■ **The problem**
A verbatim copy of the listing is needed; pictures are to be left out.

■ **Given data**
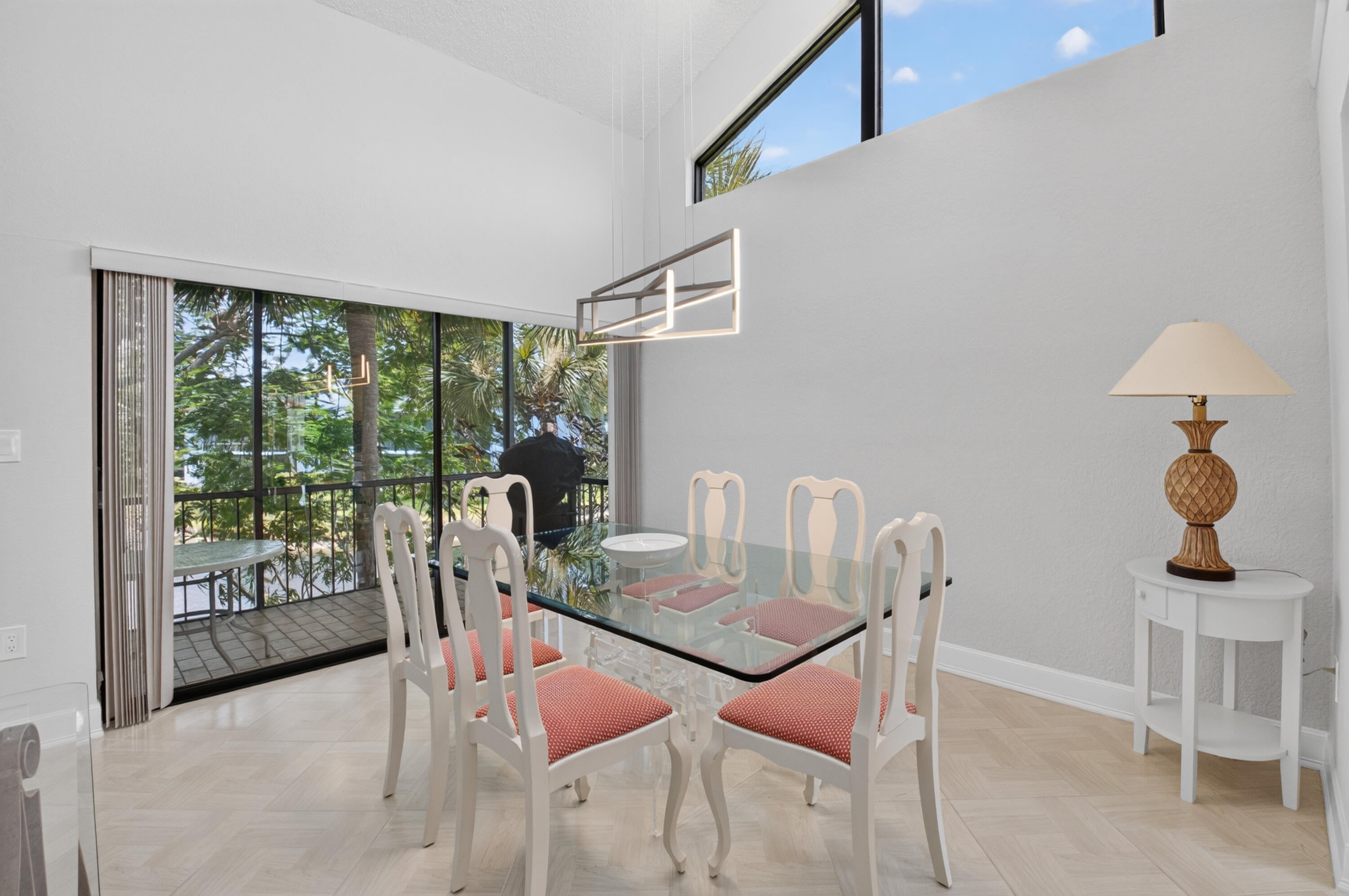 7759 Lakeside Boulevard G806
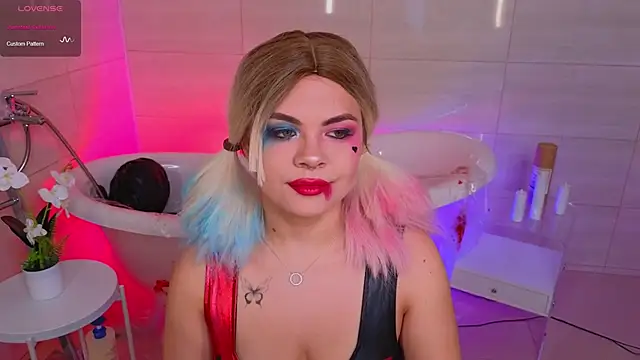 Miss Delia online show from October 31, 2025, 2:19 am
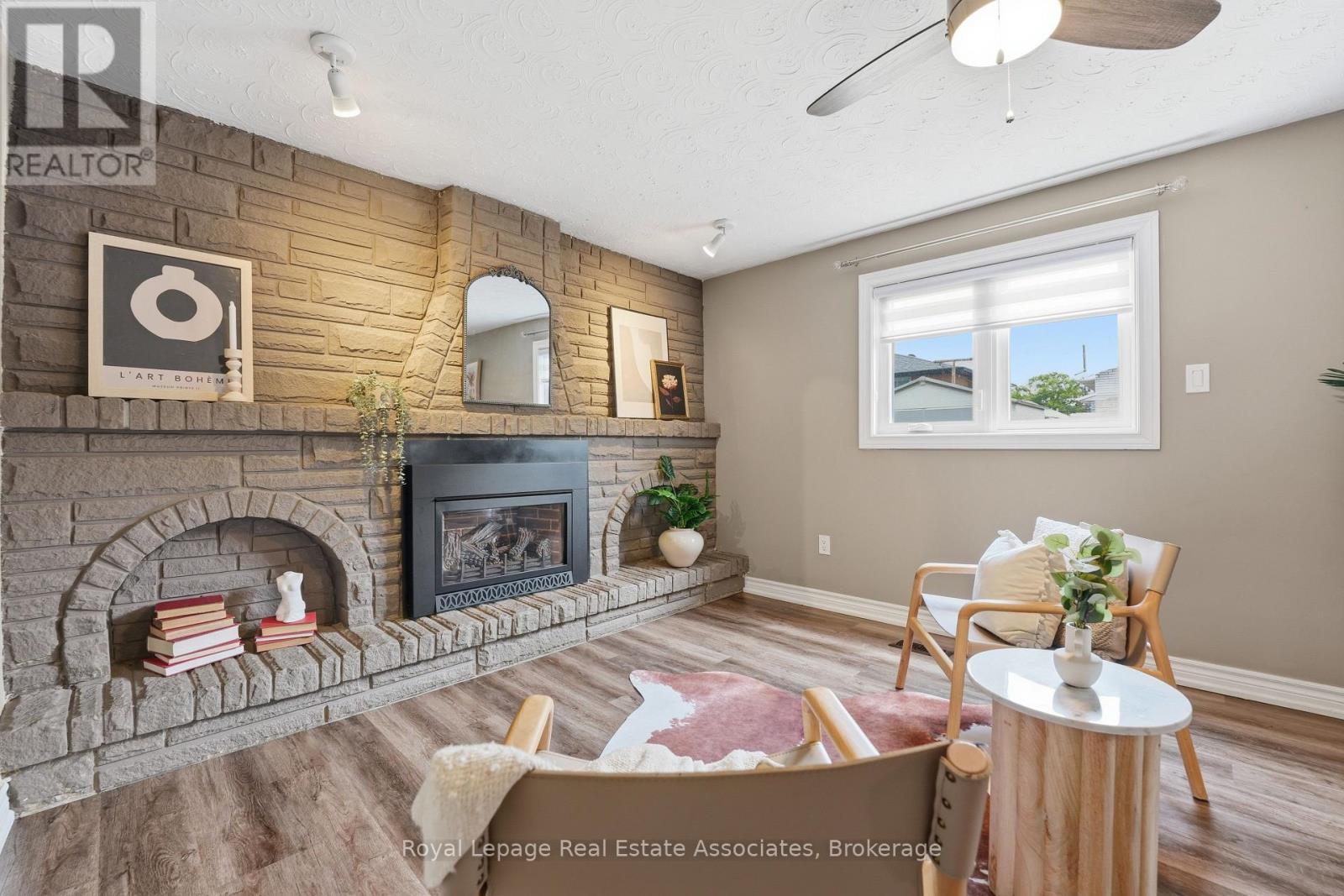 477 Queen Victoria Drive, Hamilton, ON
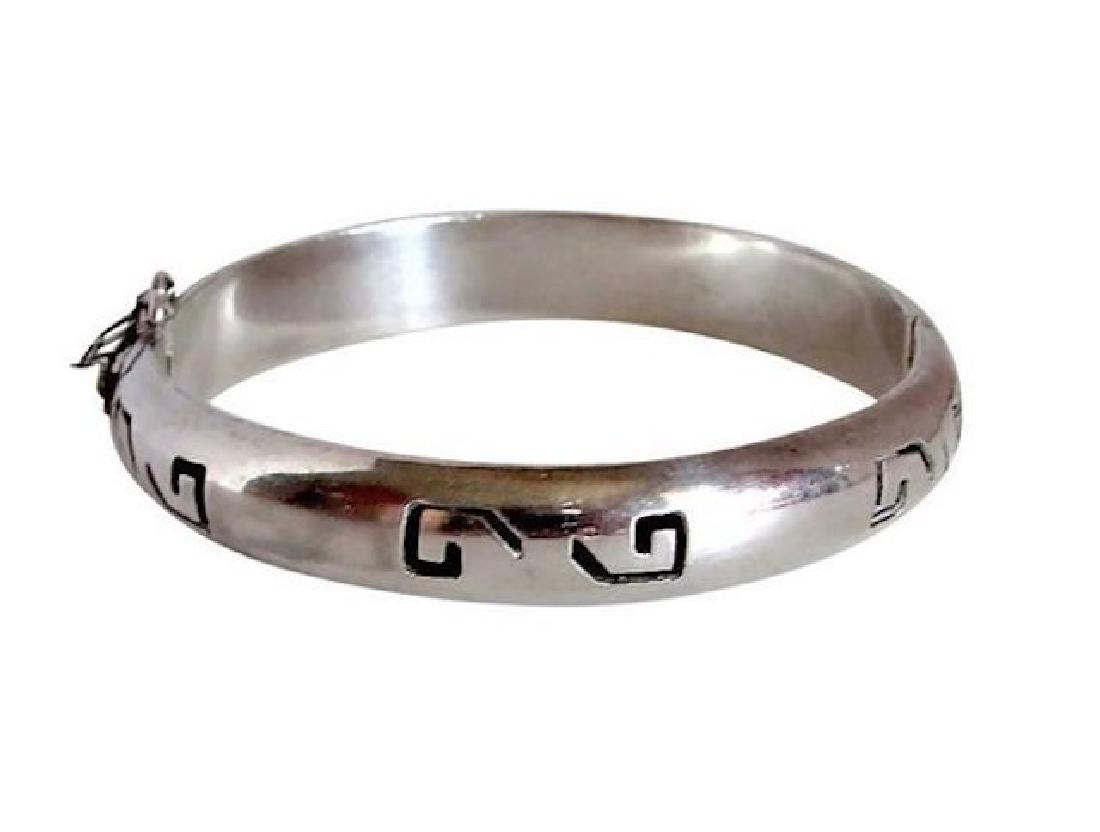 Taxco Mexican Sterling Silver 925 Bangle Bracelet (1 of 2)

■ **Worked solution**
 7759 Lakeside Boulevard G806
 Miss Delia online show from October 31, 2025, 2:19 am
 477 Queen Victoria Drive, Hamilton, ON
 Taxco Mexican Sterling Silver 925 Bangle Bracelet (1 of 2)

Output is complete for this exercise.